*Task objective*: Write each entry out again verbatim, pictures excluded.

BEGIN Input records

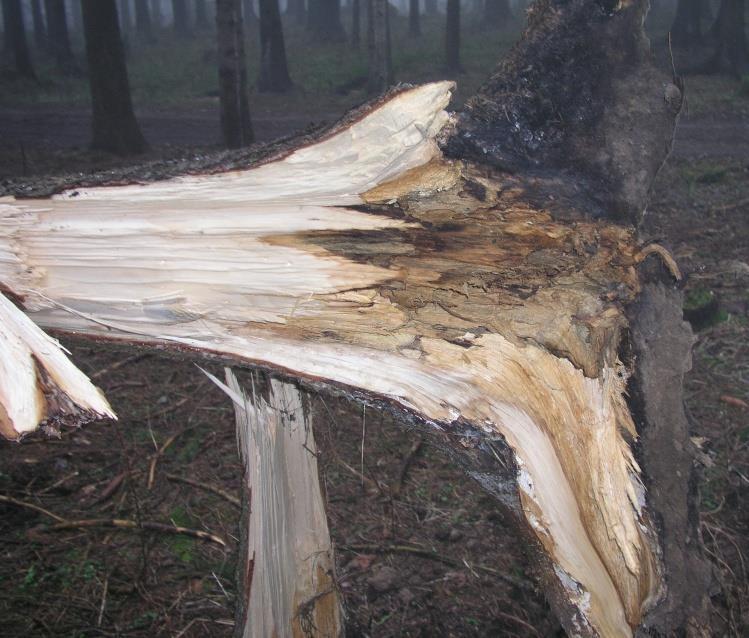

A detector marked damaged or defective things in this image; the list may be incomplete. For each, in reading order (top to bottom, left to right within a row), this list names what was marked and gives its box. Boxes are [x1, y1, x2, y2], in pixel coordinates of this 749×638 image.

splintered wood [215, 370, 344, 638]
splintered wood [1, 82, 660, 636]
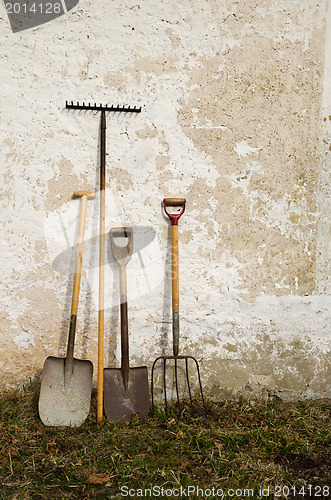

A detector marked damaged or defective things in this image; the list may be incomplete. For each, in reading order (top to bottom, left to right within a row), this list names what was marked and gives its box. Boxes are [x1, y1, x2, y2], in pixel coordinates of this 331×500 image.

rusty metal blade [39, 356, 93, 426]
rusty metal blade [104, 366, 150, 424]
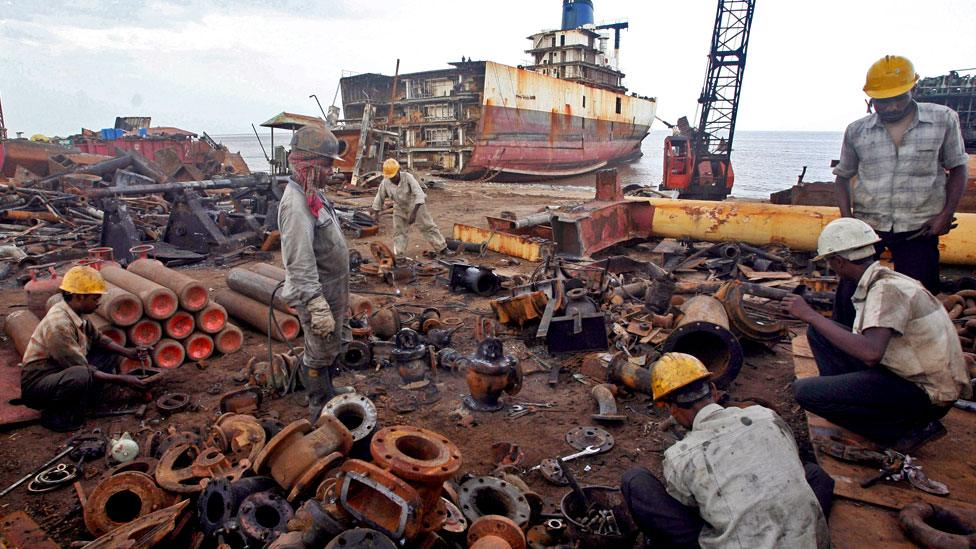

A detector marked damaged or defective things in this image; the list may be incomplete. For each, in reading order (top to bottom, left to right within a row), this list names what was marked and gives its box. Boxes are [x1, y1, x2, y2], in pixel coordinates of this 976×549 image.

rusty ship hull [468, 61, 656, 178]
corroded machinery part [390, 328, 432, 384]
corroded machinery part [462, 338, 524, 412]
corroded machinery part [84, 470, 172, 536]
corroded machinery part [85, 498, 192, 548]
corroded machinery part [155, 444, 207, 494]
corroded machinery part [207, 412, 264, 462]
corroded machinery part [196, 476, 276, 536]
corroded machinery part [239, 490, 294, 544]
corroded machinery part [252, 416, 354, 500]
corroded machinery part [322, 392, 380, 444]
corroded machinery part [322, 528, 394, 548]
corroded machinery part [336, 458, 424, 540]
corroded machinery part [372, 424, 464, 536]
corroded machinery part [460, 474, 532, 528]
corroded machinery part [468, 512, 528, 548]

END Input records

*Your solution*:
A detector marked damaged or defective things in this image; the list may be incomplete. For each, in reading order (top to bottom, left to right within a row), this list names what was marked and gives its box. Boxes are [x1, y1, x2, y2], in pixel coordinates of this 749×638 image.

splintered wood [215, 370, 344, 638]
splintered wood [1, 82, 660, 636]

A detector marked damaged or defective things in this image; the list may be incomplete. For each, in reading order (top to bottom, left to right within a row), this list names what was marked and gives its box. Boxes are [x1, y1, x2, y2], in pixel coordinates of this 331×500 image.

rusty metal blade [39, 356, 93, 426]
rusty metal blade [104, 366, 150, 424]

A detector marked damaged or defective things in this image; the list may be incomplete. For each, in reading order (top to bottom, left to right within a row), this list names what was marked and gives its box. Boxes are [x1, y1, x2, y2], in pixel coordinates of this 976×549 image.

rusty ship hull [468, 61, 656, 178]
corroded machinery part [390, 328, 432, 384]
corroded machinery part [462, 338, 524, 412]
corroded machinery part [84, 470, 172, 536]
corroded machinery part [85, 498, 192, 548]
corroded machinery part [155, 444, 207, 494]
corroded machinery part [207, 412, 264, 462]
corroded machinery part [196, 476, 276, 536]
corroded machinery part [239, 490, 294, 544]
corroded machinery part [252, 416, 354, 500]
corroded machinery part [322, 392, 380, 444]
corroded machinery part [322, 528, 394, 548]
corroded machinery part [336, 458, 424, 540]
corroded machinery part [372, 424, 464, 536]
corroded machinery part [460, 474, 532, 528]
corroded machinery part [468, 512, 528, 548]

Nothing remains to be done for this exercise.